### TASK TO COMPLETE
The required lines are those that contain "correspondente"; pull them out of the data and copy them.

### SUPPLIED MATERIAL
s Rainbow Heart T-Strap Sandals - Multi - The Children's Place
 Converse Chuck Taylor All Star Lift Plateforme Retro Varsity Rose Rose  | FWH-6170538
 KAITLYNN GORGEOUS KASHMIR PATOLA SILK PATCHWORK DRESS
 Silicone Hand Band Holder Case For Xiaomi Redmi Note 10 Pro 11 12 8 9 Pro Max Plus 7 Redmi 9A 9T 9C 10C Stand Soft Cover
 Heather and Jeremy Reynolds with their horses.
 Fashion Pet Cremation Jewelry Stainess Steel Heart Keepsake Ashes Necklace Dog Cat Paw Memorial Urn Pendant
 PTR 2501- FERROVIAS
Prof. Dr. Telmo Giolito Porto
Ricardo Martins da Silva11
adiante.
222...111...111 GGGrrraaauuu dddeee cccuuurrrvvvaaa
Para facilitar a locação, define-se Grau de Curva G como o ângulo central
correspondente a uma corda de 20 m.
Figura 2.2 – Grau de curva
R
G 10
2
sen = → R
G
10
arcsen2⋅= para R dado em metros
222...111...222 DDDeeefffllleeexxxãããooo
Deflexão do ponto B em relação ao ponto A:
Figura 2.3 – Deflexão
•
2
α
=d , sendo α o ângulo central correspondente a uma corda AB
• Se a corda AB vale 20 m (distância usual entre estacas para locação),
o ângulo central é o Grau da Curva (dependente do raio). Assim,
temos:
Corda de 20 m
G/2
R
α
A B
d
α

### OUTPUT FOR THIS TASK
correspondente a uma corda de 20 m.
=d , sendo α o ângulo central correspondente a uma corda AB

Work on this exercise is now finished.